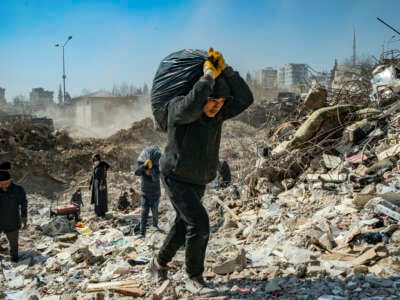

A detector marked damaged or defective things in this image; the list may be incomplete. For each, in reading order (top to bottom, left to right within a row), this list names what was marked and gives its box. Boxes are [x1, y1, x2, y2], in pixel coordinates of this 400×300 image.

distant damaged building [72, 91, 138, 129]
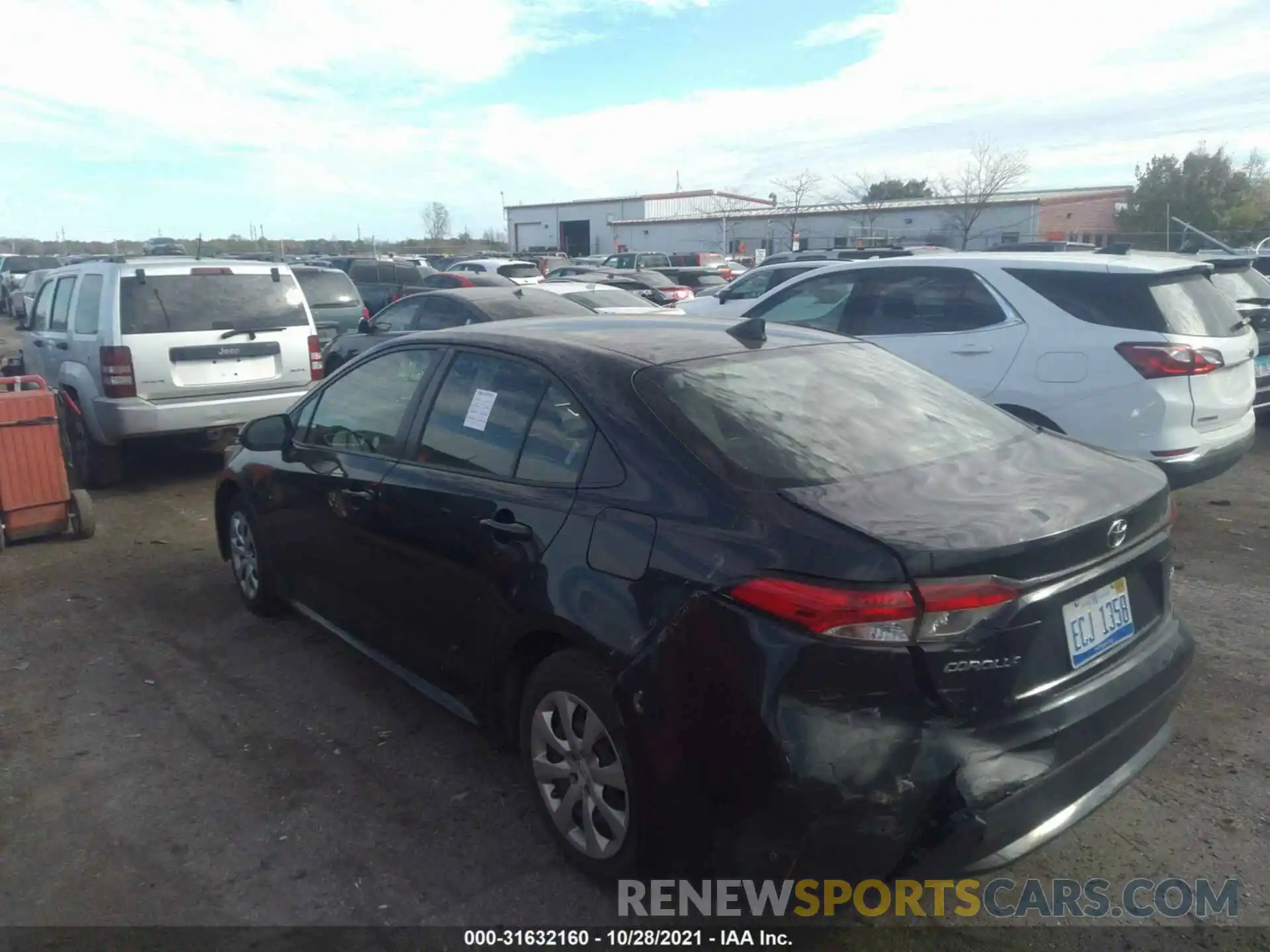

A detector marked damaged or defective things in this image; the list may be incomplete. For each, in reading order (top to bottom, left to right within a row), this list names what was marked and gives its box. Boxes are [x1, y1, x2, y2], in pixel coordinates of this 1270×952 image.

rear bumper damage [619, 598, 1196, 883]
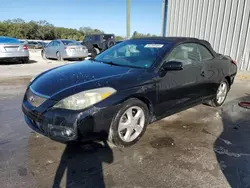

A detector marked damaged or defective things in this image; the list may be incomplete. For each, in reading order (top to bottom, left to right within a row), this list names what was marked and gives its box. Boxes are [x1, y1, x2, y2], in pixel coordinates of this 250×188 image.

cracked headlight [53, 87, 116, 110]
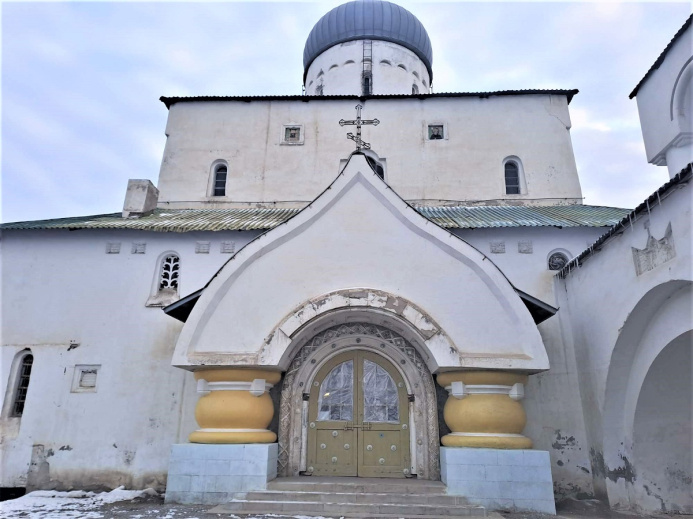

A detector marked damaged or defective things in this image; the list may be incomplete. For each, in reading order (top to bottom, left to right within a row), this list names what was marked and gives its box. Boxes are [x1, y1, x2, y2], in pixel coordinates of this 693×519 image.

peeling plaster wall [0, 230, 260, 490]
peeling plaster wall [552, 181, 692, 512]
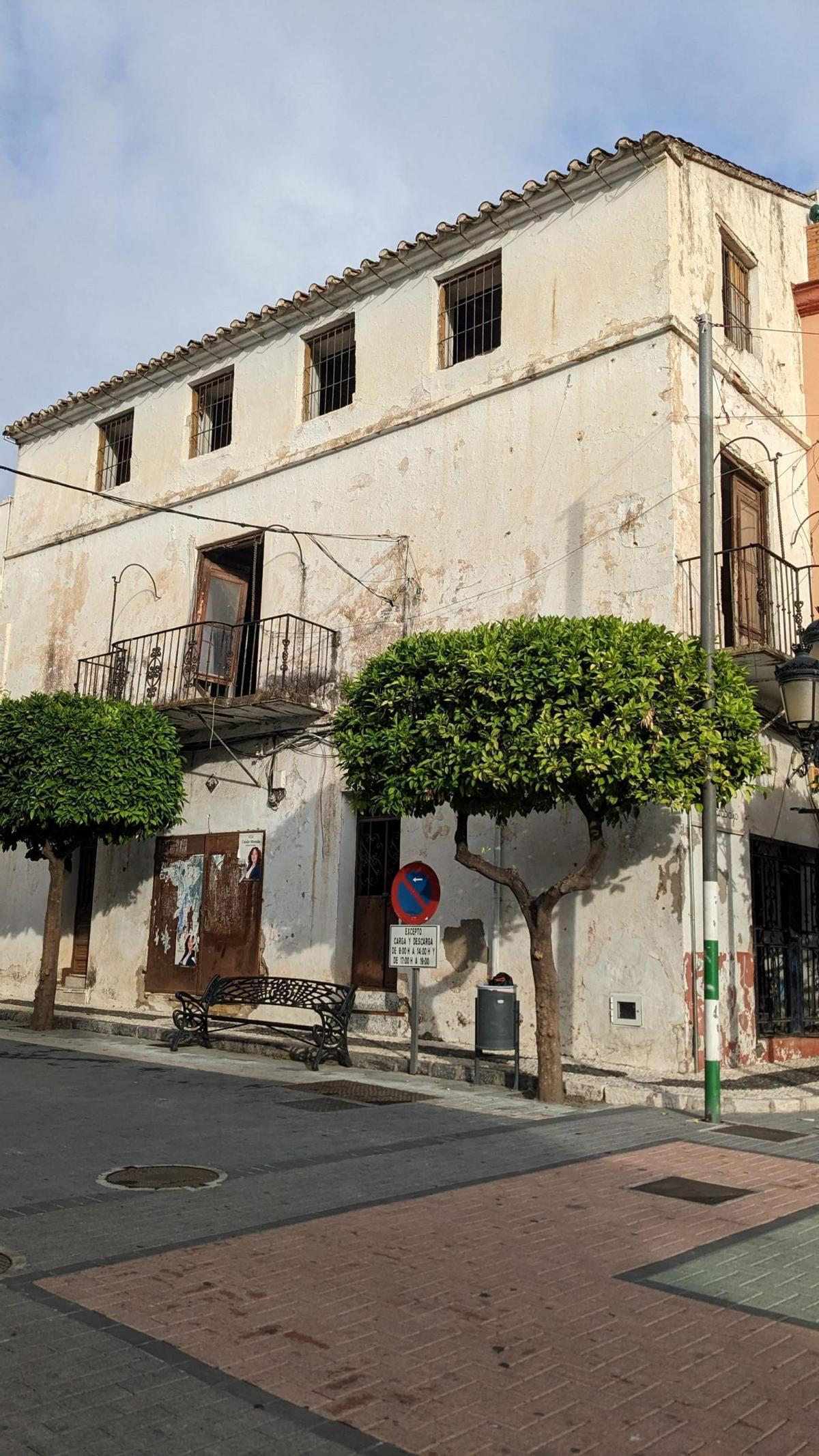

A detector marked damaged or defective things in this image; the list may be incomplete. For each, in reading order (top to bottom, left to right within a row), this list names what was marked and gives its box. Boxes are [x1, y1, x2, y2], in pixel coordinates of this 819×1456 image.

> Directions:
Pick up at the line containing "this 250×188 image." and copy each line exactly until the data ends, including that last line; copy no pictures.

> Answer for the task:
A detector marked damaged or defective things in this image; the list may be incomplete. For each, in reading order (top to bottom, left to right within a row), this list names what was marked and gives its box. Boxes are [x1, y1, x2, y2], in pixel coordinates of this 250×188 image.

cracked headlight [53, 87, 116, 110]

A detector marked damaged or defective things in this image; the list may be incomplete. For each, in reading order (top to bottom, left to right within a row), this list names what was marked and gives its box. Boxes are [x1, y1, x2, y2], in pixel coordinates of this 693×519 image.

peeling plaster wall [0, 230, 260, 490]
peeling plaster wall [552, 181, 692, 512]

A detector marked damaged or defective things in this image; the list may be incomplete. For each, in reading order (top to bottom, left to right within a row), this list names what was marked and gives its box. Boxes are [x1, y1, x2, y2], in pixel coordinates of this 819×1456 image.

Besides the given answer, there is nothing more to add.